On 02/09/2017 07:52 PM, Stefan Ram wrote:
> Newsgroups: comp.lang.c,comp.lang.c++
>
> #include <float.h>
>
> Some implementations have this property:
>
> A double has at least 14 significant digits (about 14-16) and
>
> 9007199254740991.
>
> is the largest double value that can be added to 1.0
> giving the "next" double value
Do you really mean "next double value" or "next integer"? The next
integer is 1 higher than Omega. The "next double value" will, in
general, be Omega+FLT_RADIX. I'm going to explain below why "next double
value" is problematic. Then I'll go ahead on the assumption that you
meant "next integer".
> 9007199254740992.
>
> (when one adds 1.0 again, the value will not change
> anymore).
>
> I don't know whether there is a common name for such a
> value.
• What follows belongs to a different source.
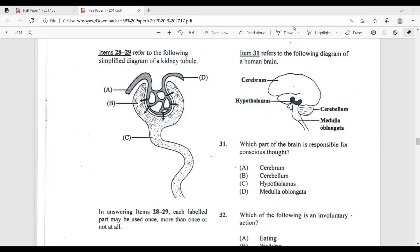Question 31 refers to a diagram of a human brain. Which part of the brain is responsible for conscious thought? The options are: A) cerebrum, B) cerebellum, C) hypothalamus, D) medulla oblongata. The medulla oblongata controls involuntary muscular actions such as heartbeat, breathing, swallowing, peristalsis, and blood pressure — so that's out. The hypothalamus controls the body's internal temperature and homeostasis — also out. The cerebellum controls balance by coordinating muscular activity — out. The cerebrum deals with intellectual thoughts, speech, and conscious activity — so the answer is A, cerebrum.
I will call it (just for this post) "omega".
> (In the above example, the omega is 9007199254740991.)
>
> Now, the standard does not require 14 significant
> digits, but 10 (DBL_DIG).
>
> I wonder whether one can somehow find the smallest
> omega for the type double that is required by the
> standard.
>
> Clearly, omega >= 0 and omega <= DBL_MAX.
You've defined Omega in terms of what happens when you add 1.0 to the
number. However, that will depend upon the rounding mode.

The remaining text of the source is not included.